Just south of the Loire is the seemingly unremarkable town of Doué-la-Fontaine. Doué may look dull and it certainly won’t win any Plus Beaux Villages accolades; however, it does have remarkable sights around its outskirts mainly linked to stone – and roses. In fact, this small area produces almost half of France’s roses.

I stayed at the excellent Camping La Vallée des Vignes in neighbouring Concourson-sur-Layon and pedalled the three miles to Doué-la-Fontaine. The ride took me past quiet vineyards and along lanes through woodlands, spotting a hen harrier, turtle doves and a golden oriole along the way.

The first stone sight I encountered was tucked away below the roadside. Whereas at Montsoreau the troglodytes dug sideways into the vertical cliffs, here the houses were dug below ground, in and around pits. Most of them now appear to be used for storage.

In what were the grounds of a long-gone château in Doué is a most charming English-style rose garden (this was a free-to-enter municipal garden and not Les Chemins de la Rose gardens, also in Doué). Unfortunately, I was visiting about three weeks too late for the best show. If you like roses, Doué-la-Fontaine is the place to be!

While wandering around the gardens I kept hearing an almost unearthly and deep booming noise, which I couldn’t identify. But more about that in a moment …

Interestingly, the stone of Doué-la-Fontaine was quarried for sarcophagi. Between the sixth and ninth centuries, thousands of stone coffins were cut and shaped from the underlying rock as it was thought that it would preserve the bodies for longer. Clearly it was a thriving business.

A zoo (the Bioparc) has been created within the canyons and quarries carved out of the bedrock. Irrespective of one’s views about zoos, this is a remarkable place in which to see, appreciate and admire creatures otherwise usually only seen in TV documentaries. The canyons in which giraffe, rhino and antelope roam are striking, as are the amphitheatres for vultures and snow leopards. It felt a bit like being in Jurassic Park.

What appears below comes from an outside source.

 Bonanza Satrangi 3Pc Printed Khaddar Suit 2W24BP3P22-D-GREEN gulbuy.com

As I cycled back to Concourson late that afternoon, passing more troglodyte houses, I kept hearing that loud, strange, echoing call that I’d heard when in the rose garden. I now knew them for what they were: the calls of the apes and gibbons from the zoo. As I rode across the vineyards, the animal noises really made it feel quite eerie.

I headed northeast to the banks of what is probably France’s most well-known river, the Seine. Camping L’Île des Trois Rois is right on the river and, behind it, is the ruined Château Gaillard high above the chalk cliff on its lofty perch.

Image of Chateau Gaillard

These chalk cliffs provide a dramatic backdrop to the attractive town of Les Andelys. Le Petit Andely is a five-minute walk along the riverbank from the campsite.

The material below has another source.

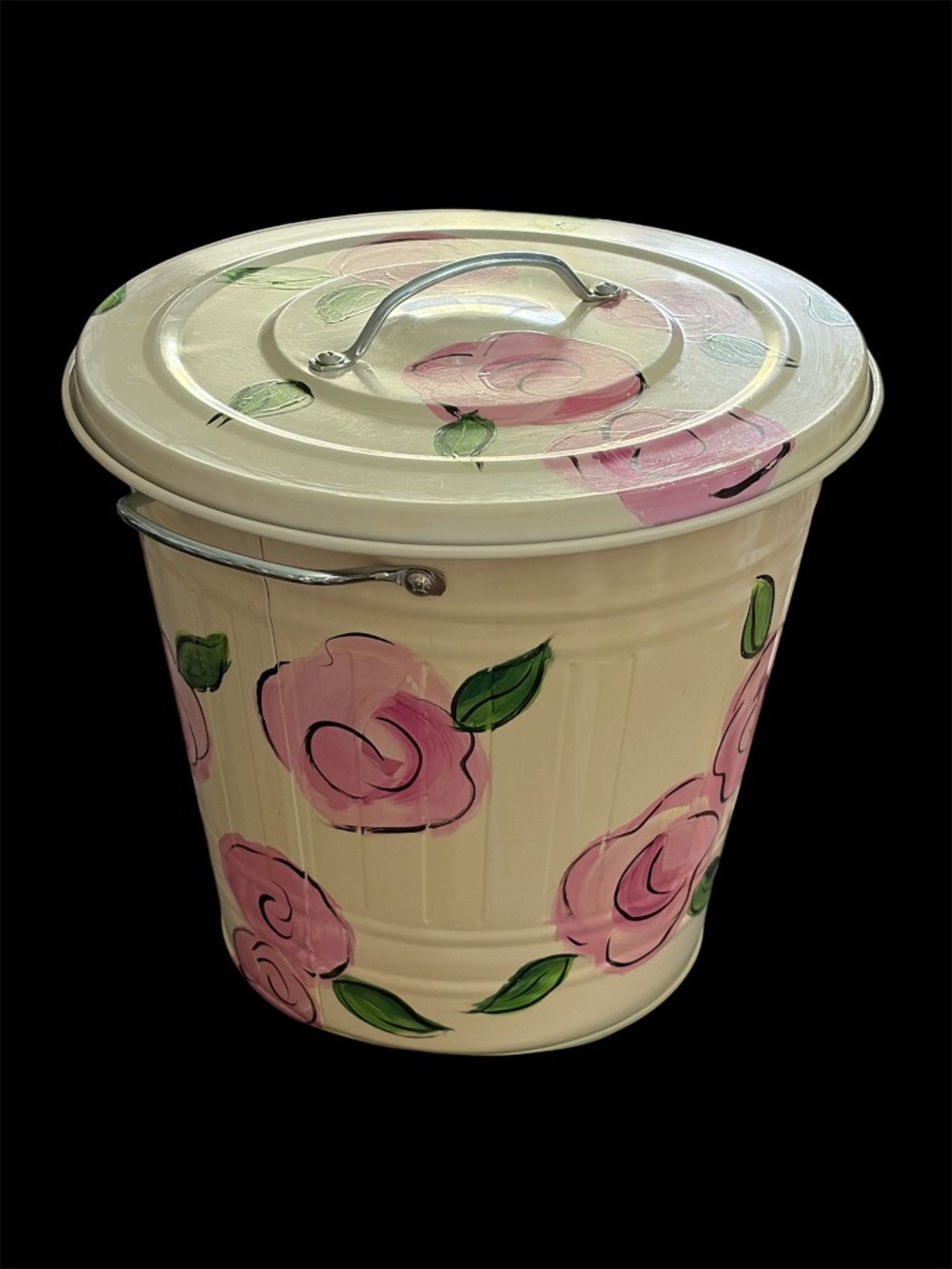 Hand Painted Roses/Peonies 4Gal. Metal Garbage/Trash Can with Lid 13" x 12"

Les Andelys has attractive medieval houses and its ancient wharves are now used by the enormous river cruisers. A little further along the Seine are some glorious mock-Tudor villas. Some are slightly set back, whilst others are thatched. It could almost be Henley-on-Thames.

I learnt that Château Gaillard was built to guard the Rouen/Paris route by Richard the Lionheart whom I’d come across earlier in the trip at Fontevraud. Legends about the Château Gaillard tell of unfaithful duchesses being murdered and now returning to haunt the battlements.

TE Lawrence (Lawrence of Arabia) apparently visited here while a student to research medieval castle architecture for his degree. I am sure that he, too, enjoyed the views of the Seine’s meandering course laid out below the castle.

I followed a pleasant route along the Seine and up into the hills behind Camping la Vallée des Vignes with the aid of a walking route from the tourist information office in Les Andelys. The route took me past an old laverie deep in the woods where clothes were washed and to a couple of mares high in the hills. These mares were ponds dug out of the rock into which water naturally flowed and were created around 600 years ago as water reserves for cattle to use during times of drought. Now they are havens for dragonflies, newts and frogs.

Perhaps the still waters of those mares that I came across, almost by chance and right at the end of my trip, sum up the theme of my journey – that of water and stone working in harmony.